What is required.
Would you retype the whole listing verbatim, keeping pictures out of it?

Available data.
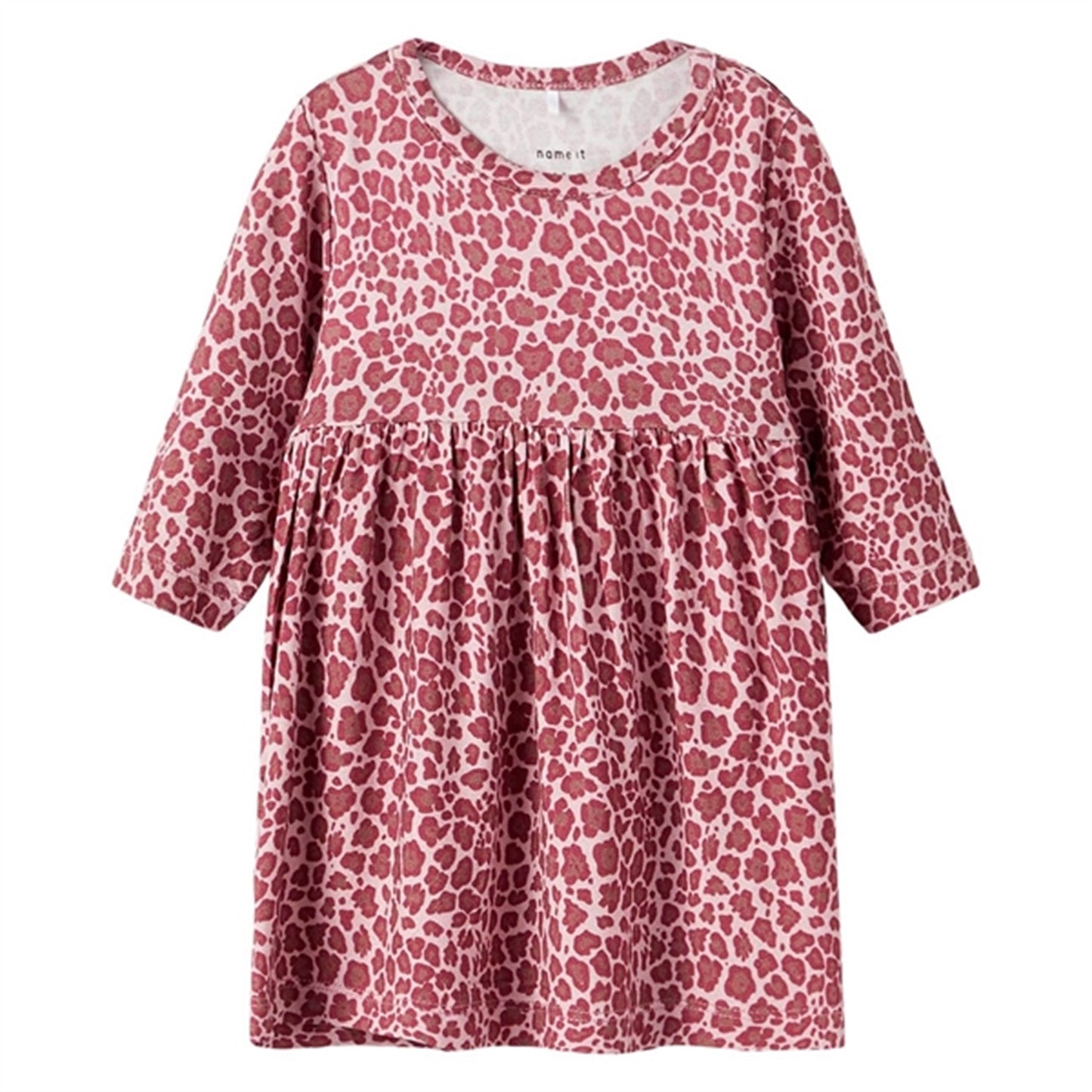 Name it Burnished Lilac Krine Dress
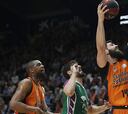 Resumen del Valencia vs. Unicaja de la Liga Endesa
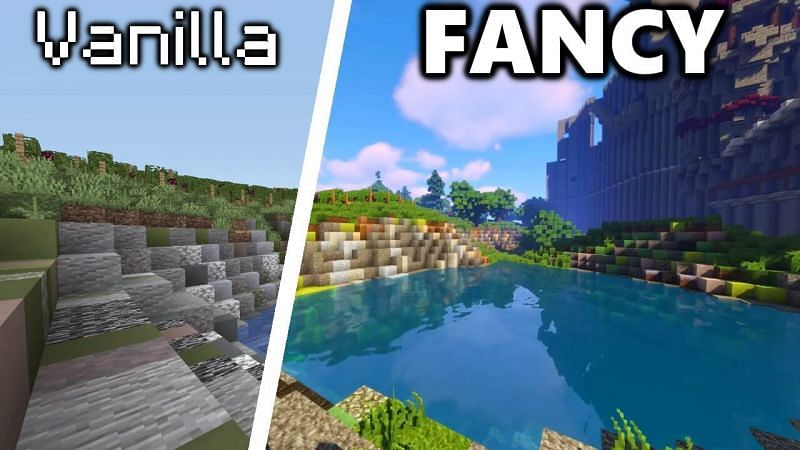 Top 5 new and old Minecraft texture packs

Response for this exercise.
 Name it Burnished Lilac Krine Dress
 Resumen del Valencia vs. Unicaja de la Liga Endesa
 Top 5 new and old Minecraft texture packs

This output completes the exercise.